* DATASET SECTION *
=======

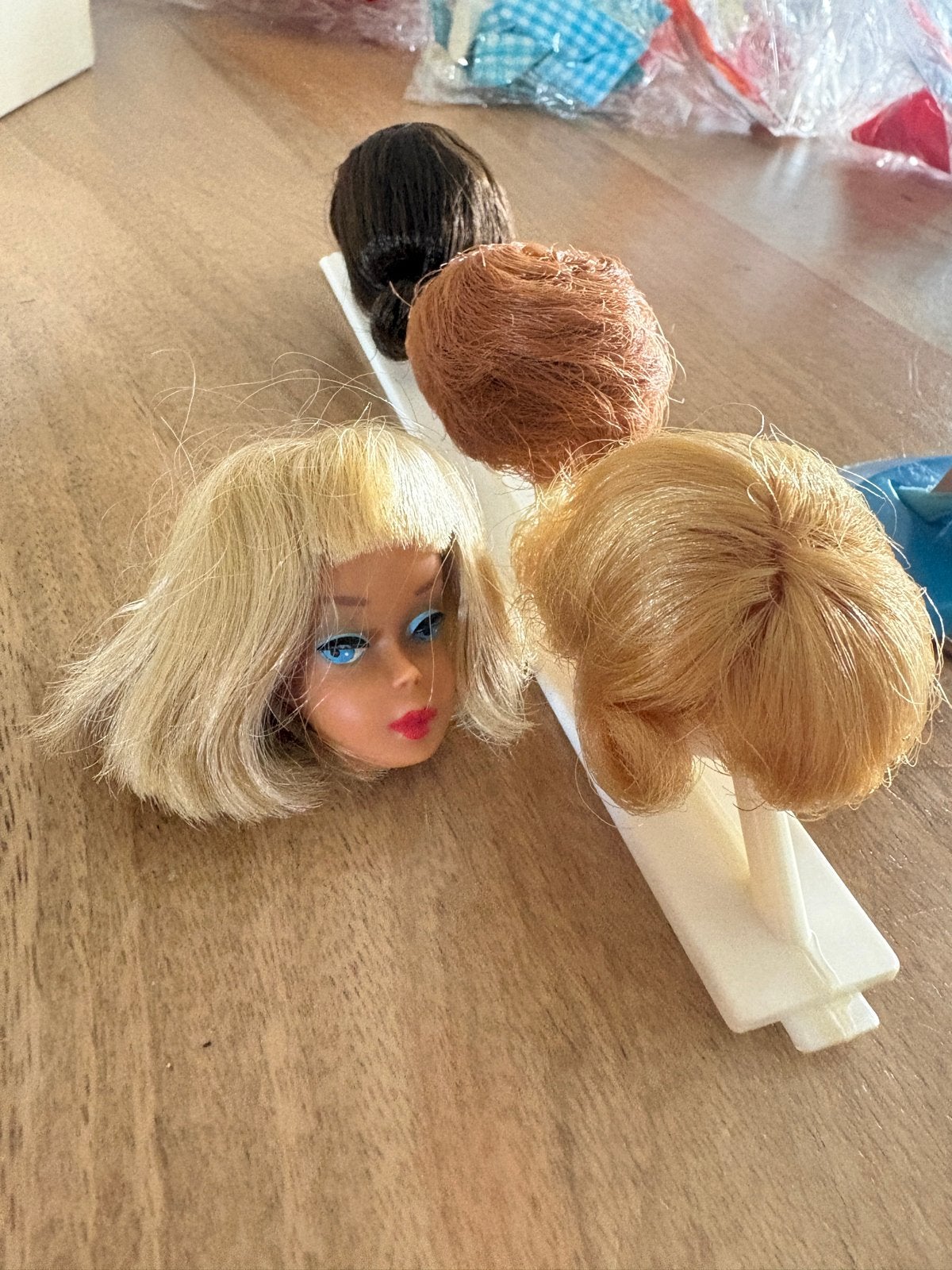 Vintage Barbie poppen en accessoires - Grote collectie, Kinderen en Baby's, Speelgoed | Poppen, Ophalen, Gebruikt, Barbie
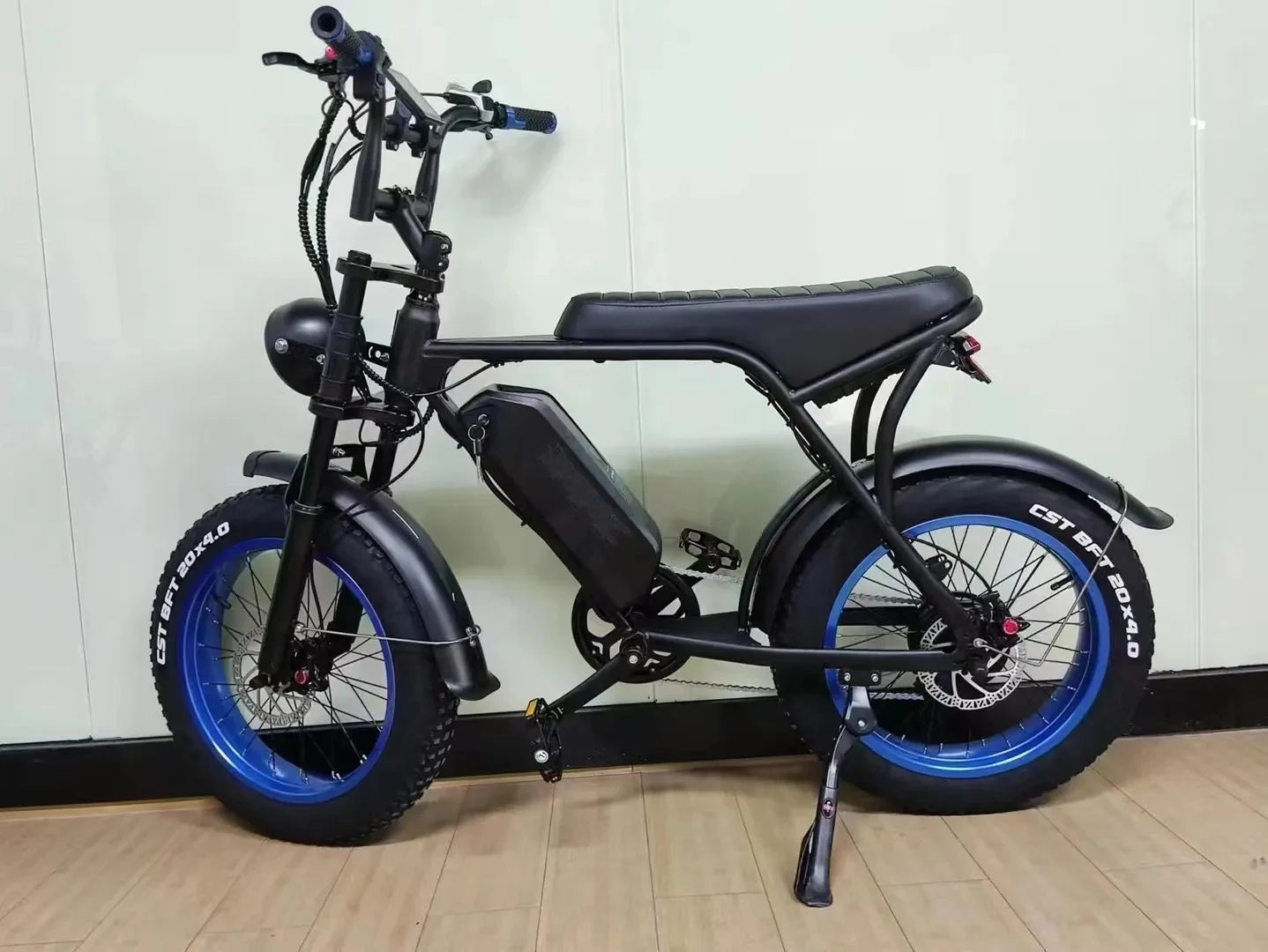 Ouxi Fatbike V8 Electric Bike Fat Tire Electric Bicycle E-bike All ...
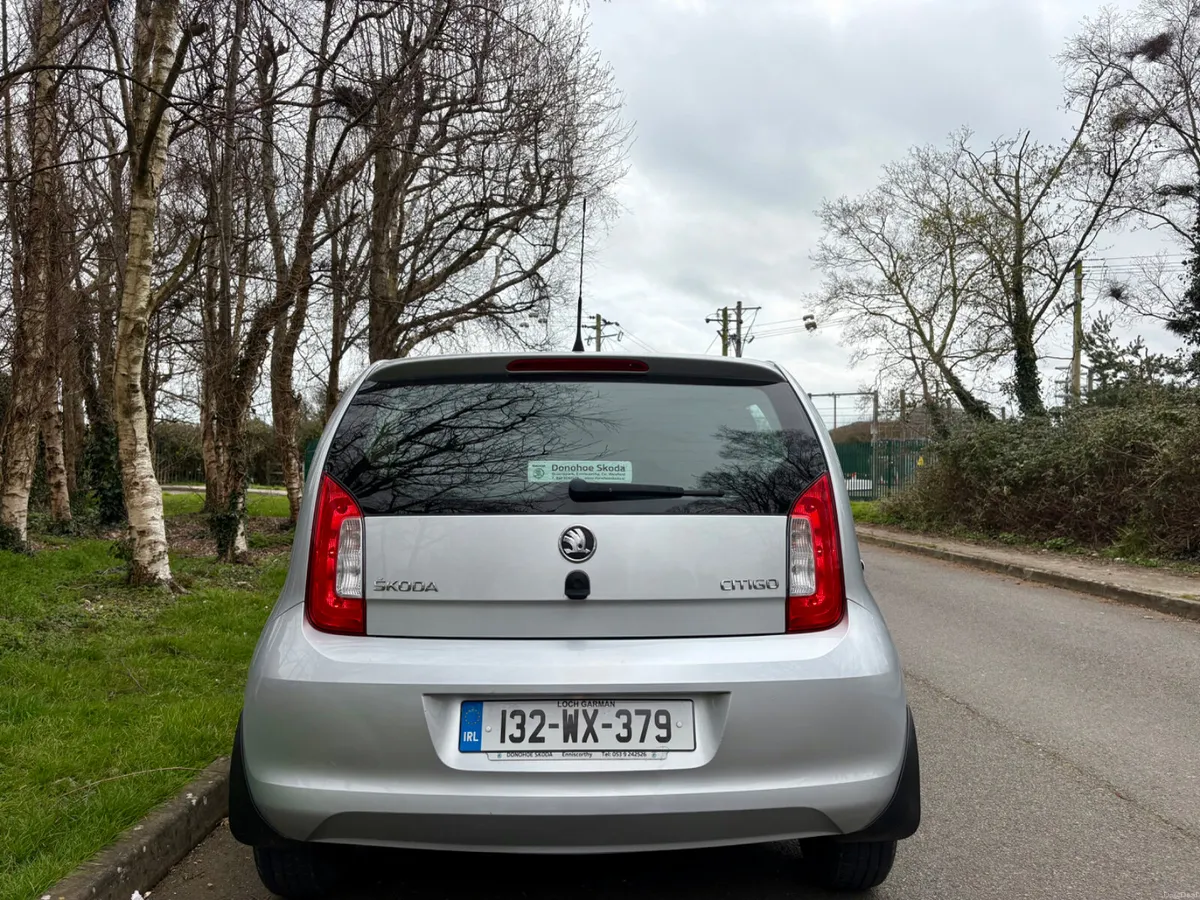 2013 Skoda Citigo 1.0 low kms new nct - Image 4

=======

Set the material above down again word for word. Include none of its pictures.

 Vintage Barbie poppen en accessoires - Grote collectie, Kinderen en Baby's, Speelgoed | Poppen, Ophalen, Gebruikt, Barbie
 Ouxi Fatbike V8 Electric Bike Fat Tire Electric Bicycle E-bike All ...
 2013 Skoda Citigo 1.0 low kms new nct - Image 4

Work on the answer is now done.